### [What this task involves]
Leave every picture out, and give again exactly the lines from the one containing "Alt View 1." through the end of the listing.

++++++++

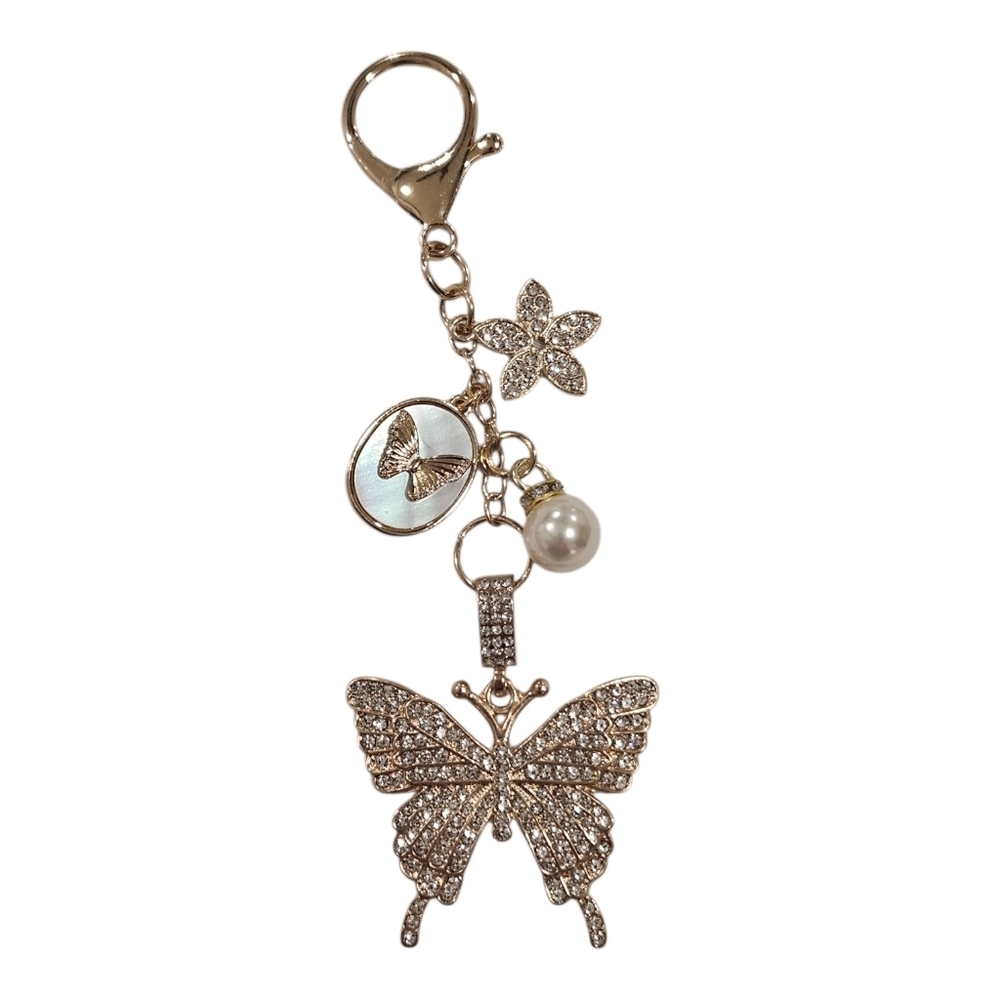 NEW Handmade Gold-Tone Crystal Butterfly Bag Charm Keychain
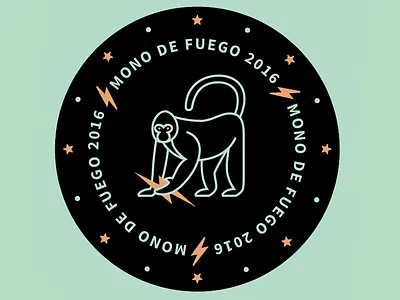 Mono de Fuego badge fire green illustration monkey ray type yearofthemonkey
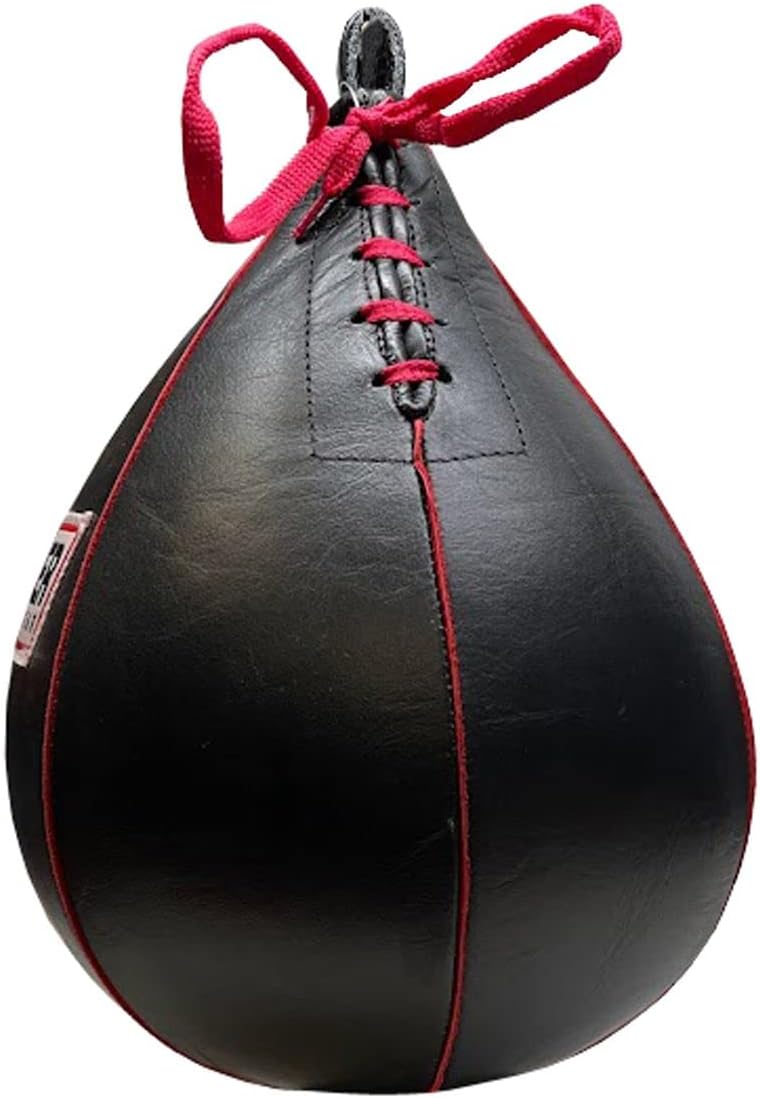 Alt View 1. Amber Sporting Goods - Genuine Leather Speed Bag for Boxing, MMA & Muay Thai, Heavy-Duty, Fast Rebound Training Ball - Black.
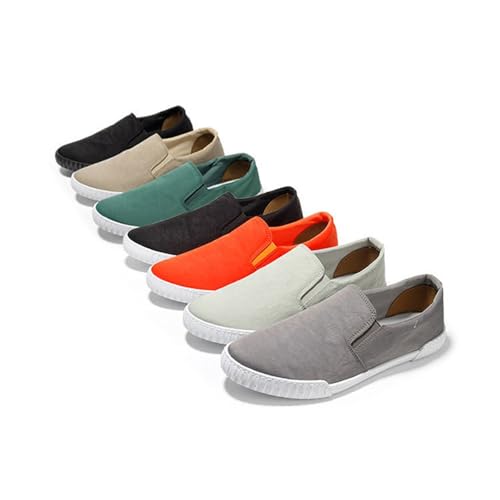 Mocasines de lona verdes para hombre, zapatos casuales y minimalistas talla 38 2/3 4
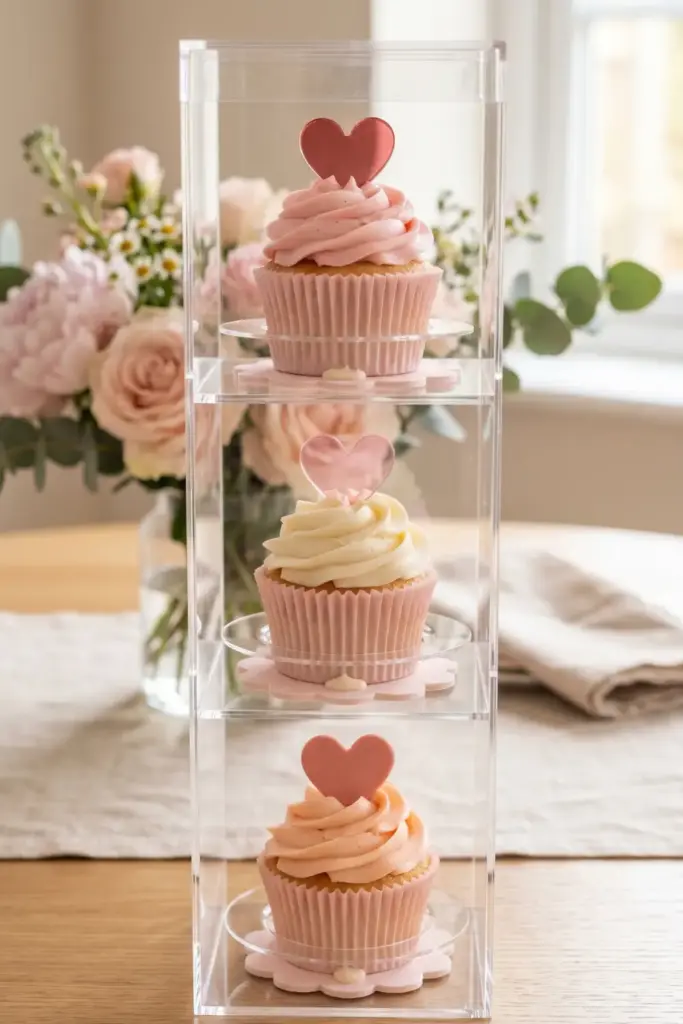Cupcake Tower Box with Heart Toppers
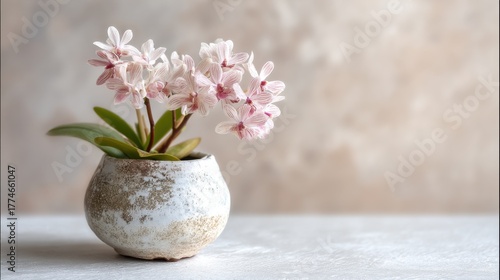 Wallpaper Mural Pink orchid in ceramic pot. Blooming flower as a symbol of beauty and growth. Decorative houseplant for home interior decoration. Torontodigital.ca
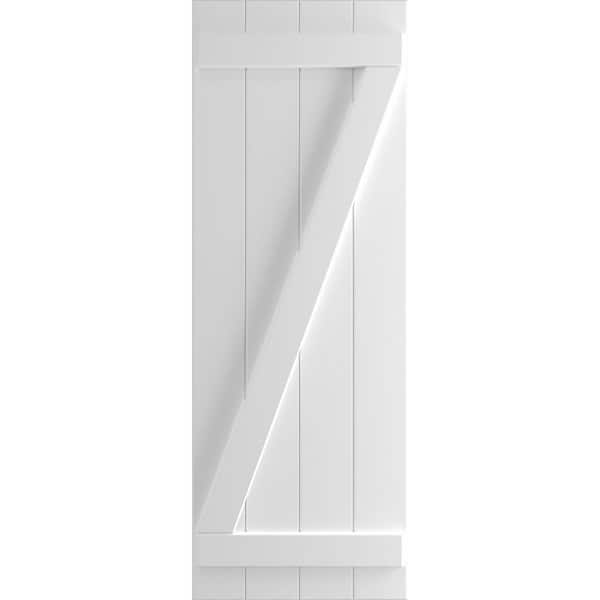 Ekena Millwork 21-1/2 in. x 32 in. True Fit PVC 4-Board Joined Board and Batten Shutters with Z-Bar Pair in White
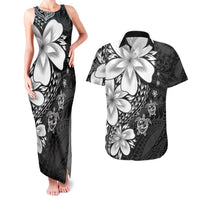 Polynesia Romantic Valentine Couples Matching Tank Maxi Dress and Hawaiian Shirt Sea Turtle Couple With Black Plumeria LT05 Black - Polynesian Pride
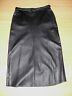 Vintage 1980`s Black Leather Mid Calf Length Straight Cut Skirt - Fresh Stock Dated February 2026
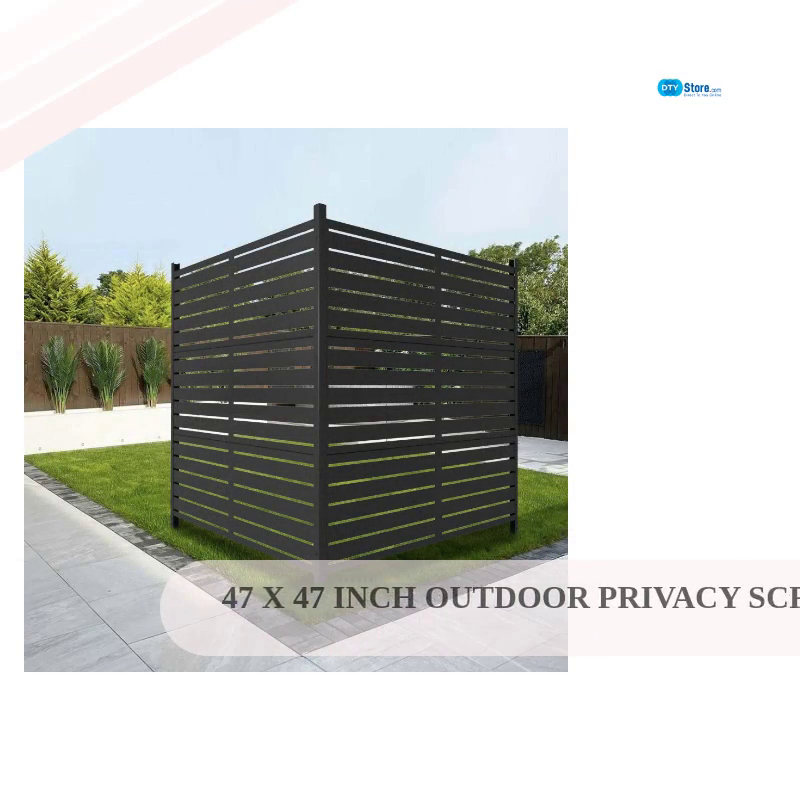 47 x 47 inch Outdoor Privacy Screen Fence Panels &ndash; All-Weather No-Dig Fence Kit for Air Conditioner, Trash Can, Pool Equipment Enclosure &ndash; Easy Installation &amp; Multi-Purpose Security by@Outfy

++++++++

### [Result below]
 Alt View 1. Amber Sporting Goods - Genuine Leather Speed Bag for Boxing, MMA & Muay Thai, Heavy-Duty, Fast Rebound Training Ball - Black.
 Mocasines de lona verdes para hombre, zapatos casuales y minimalistas talla 38 2/3 4
Cupcake Tower Box with Heart Toppers
 Wallpaper Mural Pink orchid in ceramic pot. Blooming flower as a symbol of beauty and growth. Decorative houseplant for home interior decoration. Torontodigital.ca
 Ekena Millwork 21-1/2 in. x 32 in. True Fit PVC 4-Board Joined Board and Batten Shutters with Z-Bar Pair in White
 Polynesia Romantic Valentine Couples Matching Tank Maxi Dress and Hawaiian Shirt Sea Turtle Couple With Black Plumeria LT05 Black - Polynesian Pride
 Vintage 1980`s Black Leather Mid Calf Length Straight Cut Skirt - Fresh Stock Dated February 2026
 47 x 47 inch Outdoor Privacy Screen Fence Panels &ndash; All-Weather No-Dig Fence Kit for Air Conditioner, Trash Can, Pool Equipment Enclosure &ndash; Easy Installation &amp; Multi-Purpose Security by@Outfy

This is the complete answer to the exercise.